• Males or females aged ≥ 18 years at time of signing informed consent form (ICF).

• Histological or cytological confirmed diagnosis of unresectable locally advanced or metastatic NSCLC.

• Subjects must have NSCLC harboring one or more active EGFR mutations known to be associated with EGFR-TKI sensitivity (including, but not limited to Del19 and L858R).

‣ Part A: All subjects may provide tumor sample to central laboratory to analyze the EGFR mutation status according to their own willingness;

⁃ Part B: All subjects must provide tumor sample to central laboratory to analyze the EGFR mutation status. And subjects must have NSCLC harboring EGFR C797S mutation.

• Note: Tumor sample can be either an archival sample or a sample obtained by pretreatment biopsy prior to H002 treatment.

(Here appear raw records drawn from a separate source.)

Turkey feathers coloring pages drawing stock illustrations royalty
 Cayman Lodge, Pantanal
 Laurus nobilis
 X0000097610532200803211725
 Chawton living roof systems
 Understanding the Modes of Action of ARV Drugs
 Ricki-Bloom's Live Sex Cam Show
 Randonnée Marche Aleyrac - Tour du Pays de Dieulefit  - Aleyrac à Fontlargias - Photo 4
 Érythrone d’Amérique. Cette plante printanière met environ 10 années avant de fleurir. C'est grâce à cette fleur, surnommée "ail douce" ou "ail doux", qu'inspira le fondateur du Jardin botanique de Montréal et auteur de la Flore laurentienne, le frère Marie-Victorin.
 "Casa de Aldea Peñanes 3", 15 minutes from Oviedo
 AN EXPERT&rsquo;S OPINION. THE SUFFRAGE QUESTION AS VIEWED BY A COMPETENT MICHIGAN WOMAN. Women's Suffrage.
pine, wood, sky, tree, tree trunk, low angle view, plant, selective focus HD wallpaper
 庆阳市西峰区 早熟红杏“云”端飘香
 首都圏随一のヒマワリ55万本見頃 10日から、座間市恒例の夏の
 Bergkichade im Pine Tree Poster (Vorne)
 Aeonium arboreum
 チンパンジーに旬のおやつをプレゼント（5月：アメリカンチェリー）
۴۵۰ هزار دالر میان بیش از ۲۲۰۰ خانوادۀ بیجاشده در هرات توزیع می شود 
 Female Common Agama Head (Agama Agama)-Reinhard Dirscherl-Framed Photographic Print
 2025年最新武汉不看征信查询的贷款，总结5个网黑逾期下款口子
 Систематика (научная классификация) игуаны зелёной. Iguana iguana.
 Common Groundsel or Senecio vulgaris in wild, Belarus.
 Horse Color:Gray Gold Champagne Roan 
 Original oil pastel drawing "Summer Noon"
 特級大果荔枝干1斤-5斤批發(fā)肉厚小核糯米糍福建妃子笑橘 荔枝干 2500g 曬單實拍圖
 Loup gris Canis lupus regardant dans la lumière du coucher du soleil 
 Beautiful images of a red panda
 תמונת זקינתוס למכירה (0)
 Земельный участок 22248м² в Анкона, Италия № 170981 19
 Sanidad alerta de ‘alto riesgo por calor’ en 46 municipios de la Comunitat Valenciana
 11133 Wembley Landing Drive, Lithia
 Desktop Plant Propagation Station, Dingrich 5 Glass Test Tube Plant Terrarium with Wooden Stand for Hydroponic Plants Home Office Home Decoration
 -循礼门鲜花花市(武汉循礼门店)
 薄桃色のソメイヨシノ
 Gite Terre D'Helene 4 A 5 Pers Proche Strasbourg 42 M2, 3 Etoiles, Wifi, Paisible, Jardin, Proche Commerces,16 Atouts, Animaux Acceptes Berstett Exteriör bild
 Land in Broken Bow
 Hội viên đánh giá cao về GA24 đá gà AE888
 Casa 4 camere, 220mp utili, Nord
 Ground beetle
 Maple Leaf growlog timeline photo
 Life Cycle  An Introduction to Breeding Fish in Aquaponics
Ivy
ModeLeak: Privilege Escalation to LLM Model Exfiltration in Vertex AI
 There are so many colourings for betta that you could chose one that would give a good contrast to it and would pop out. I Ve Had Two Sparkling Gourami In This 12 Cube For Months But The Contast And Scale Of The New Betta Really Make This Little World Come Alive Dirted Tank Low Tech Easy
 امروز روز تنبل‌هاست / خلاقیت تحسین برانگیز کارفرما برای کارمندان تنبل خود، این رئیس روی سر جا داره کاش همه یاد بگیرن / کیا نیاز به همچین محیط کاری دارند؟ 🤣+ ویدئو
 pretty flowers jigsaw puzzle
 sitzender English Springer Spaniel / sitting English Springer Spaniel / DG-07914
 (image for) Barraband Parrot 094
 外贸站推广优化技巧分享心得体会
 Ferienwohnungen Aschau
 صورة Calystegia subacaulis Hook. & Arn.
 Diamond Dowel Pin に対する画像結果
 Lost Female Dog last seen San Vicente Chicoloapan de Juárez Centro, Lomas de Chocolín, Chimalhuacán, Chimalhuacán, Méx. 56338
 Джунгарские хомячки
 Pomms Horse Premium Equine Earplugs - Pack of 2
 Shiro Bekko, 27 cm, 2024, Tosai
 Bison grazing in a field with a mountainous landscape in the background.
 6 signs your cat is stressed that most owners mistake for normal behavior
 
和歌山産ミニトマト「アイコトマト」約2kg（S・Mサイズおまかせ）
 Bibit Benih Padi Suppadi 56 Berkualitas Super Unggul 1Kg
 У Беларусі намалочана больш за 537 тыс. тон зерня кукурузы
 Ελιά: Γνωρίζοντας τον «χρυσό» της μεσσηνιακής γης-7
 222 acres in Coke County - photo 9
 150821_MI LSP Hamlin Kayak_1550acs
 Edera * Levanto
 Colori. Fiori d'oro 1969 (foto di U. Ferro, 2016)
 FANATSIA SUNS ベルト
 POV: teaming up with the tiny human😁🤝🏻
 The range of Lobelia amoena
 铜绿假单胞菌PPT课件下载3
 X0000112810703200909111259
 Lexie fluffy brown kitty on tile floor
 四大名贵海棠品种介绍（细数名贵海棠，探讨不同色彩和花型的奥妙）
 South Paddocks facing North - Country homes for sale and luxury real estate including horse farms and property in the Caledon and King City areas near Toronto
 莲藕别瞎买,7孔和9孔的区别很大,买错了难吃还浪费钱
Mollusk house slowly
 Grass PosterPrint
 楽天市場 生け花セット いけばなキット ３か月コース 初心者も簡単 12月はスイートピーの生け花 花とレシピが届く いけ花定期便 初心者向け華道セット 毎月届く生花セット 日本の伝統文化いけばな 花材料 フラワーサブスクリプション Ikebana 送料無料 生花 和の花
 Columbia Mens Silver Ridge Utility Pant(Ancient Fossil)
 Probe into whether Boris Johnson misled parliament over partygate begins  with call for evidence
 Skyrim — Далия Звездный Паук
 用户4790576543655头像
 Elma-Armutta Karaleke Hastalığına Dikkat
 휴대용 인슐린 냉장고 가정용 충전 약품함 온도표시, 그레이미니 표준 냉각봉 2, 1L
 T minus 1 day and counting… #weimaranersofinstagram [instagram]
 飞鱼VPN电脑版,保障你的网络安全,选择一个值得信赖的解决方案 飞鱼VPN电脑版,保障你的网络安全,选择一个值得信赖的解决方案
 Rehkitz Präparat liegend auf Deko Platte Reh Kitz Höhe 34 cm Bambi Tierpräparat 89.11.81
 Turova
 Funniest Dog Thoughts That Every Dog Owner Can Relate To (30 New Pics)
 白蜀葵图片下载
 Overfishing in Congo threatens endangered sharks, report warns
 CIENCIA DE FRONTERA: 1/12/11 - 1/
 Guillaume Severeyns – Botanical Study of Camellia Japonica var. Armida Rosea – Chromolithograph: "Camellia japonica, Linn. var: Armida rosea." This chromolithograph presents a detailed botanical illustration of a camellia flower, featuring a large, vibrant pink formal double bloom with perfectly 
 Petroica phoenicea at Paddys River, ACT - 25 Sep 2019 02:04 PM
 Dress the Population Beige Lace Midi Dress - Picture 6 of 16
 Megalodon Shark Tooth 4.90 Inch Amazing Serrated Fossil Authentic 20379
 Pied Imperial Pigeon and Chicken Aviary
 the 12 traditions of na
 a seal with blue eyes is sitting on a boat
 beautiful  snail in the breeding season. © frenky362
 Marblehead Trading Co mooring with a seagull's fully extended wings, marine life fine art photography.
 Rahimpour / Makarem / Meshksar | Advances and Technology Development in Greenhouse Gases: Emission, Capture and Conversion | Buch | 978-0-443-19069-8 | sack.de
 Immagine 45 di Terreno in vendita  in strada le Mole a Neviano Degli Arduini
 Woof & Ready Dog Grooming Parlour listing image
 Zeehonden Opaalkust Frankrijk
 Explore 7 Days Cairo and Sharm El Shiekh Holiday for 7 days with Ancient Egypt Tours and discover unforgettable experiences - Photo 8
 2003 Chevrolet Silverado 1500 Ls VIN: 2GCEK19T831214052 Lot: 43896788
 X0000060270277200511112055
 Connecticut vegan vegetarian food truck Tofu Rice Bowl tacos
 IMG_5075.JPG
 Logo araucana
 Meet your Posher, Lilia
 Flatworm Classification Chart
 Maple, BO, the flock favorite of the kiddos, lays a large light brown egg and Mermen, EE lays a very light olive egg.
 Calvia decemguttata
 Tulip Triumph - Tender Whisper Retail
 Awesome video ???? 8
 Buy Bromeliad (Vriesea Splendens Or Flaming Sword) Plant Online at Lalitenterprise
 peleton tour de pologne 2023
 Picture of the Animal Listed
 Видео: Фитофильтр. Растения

• • Part A: Subjects have received the best treatment available as determined by the physician and must have radiological documented disease progression on the last treatment administered prior to enrolling in the study.

• • Part B: Subjects have received at least one previous EGFR-TKI treatment and have radiological documented disease progression on the previous continuous EGFR-TKI treatment. In addition, subjects may have received other antitumor treatments and must have radiological documented disease progression on the last treatment administered prior to enrolling in the study.

• Presence of at least one measurable lesion according to RECIST v1.1 per investigator assessment.

• ECOG performance status of 0-1.

• Life expectancy ≥ 12 weeks.

• Adequate hematologic and organ function per protocol.

• Women of childbearing potential (WOCBP) and fertile males with WOCBP partners must use highly effective contraception per protocol throughout the study. WOCBP must have a negative serum and/or urine pregnancy test result within 7 days prior to the first dose of H002.

⁃ Signed ICF, and this must be obtained before the performance of any protocol-specific procedures.